Dinkins opened a drawer in his desk and pulled out a sheaf of papers. He began thumbing through them. "Who's Loney?"
"He is the man who killed Lancaster. The driver identified the body and his name was inked inside his empty money belt."
Sheriff Dinkins thumbed through his papers again. "Can't find one with that name."
"Thought you might not," Mitchell said. "The chief brought the Tombstone Police dodger along with him." He passed it over to Dinkins. "The description matches what Clay told us from the robbery, and fits the corpse."
Collins took the dodger back. "Take a look at what the dodger says. Loney is not a common robber, who just killed in the course of a robbery. He's a cold, calculating killer for money. Just the kind of man someone would hire. Especially if he could arrange it so Wells, Fargo would pay the bill."
Mitchell resumed the story. "The way we figure, the plan was that he would take the money as his pay for the murder and disappear. But when he got wounded and needed to go to ground, where maybe a couple of Wells, Fargo agents would find him, it was safer to kill him."
"Finding Loney's body, murdered by someone he trusted to get in close with a knife, was the key to solving the case. Anyone could have taken a notion to rob a big payroll," Mitchell said. "But we've come up with only one person who had a motive to kill Butch Lancaster."

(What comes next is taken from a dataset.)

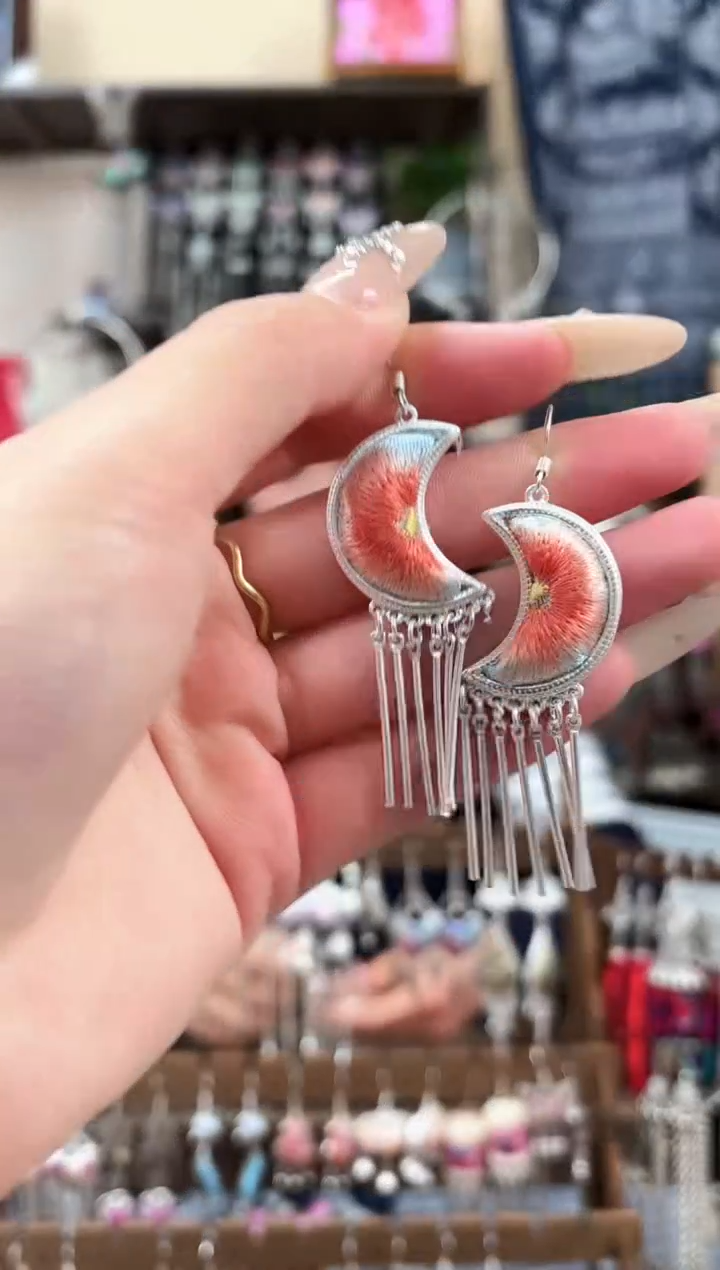 织绣民族风非遗老绣饰品206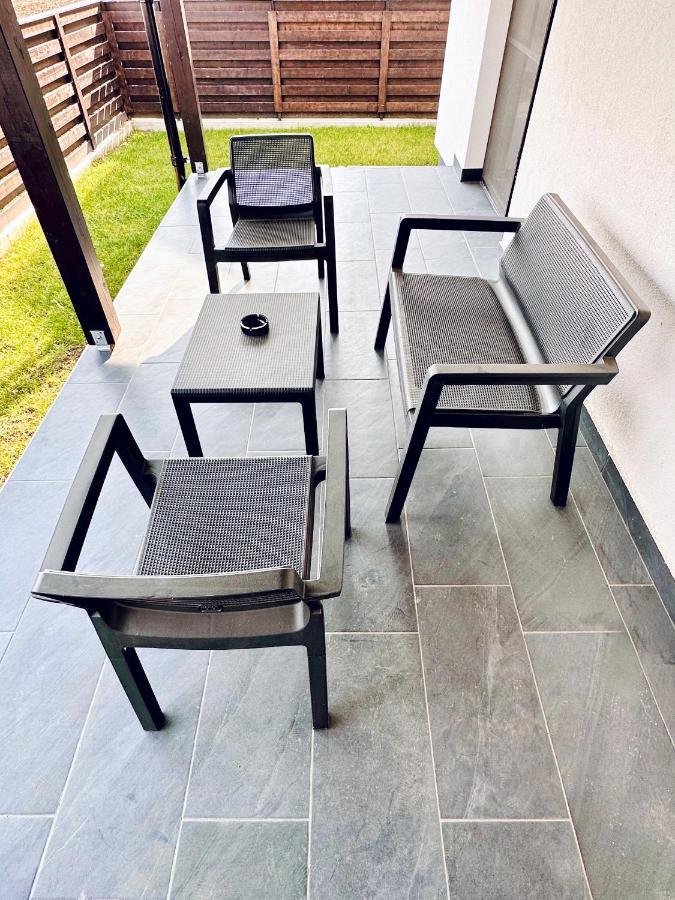 Express Estates Apartment Lisaura Ngoại thất bức ảnh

Collins took the story up from there. "You knew Butch Lancaster was going to be guarding that shipment. And with him dead, nothing would interfere with the graft you're collecting from the Cow-Boys."
The chief stepped forward. "Alvin Dinkins, I am arresting you for murder and robbery."
The telltale stack of greenbacks from the payroll turned up when the Dinkins house was searched.
* * *
Mitchell took one look back on Tombstone as they crested the hill northwest of town. "Got to say my acquaintance with the Tombstone jail was more fulfilling this time than last time."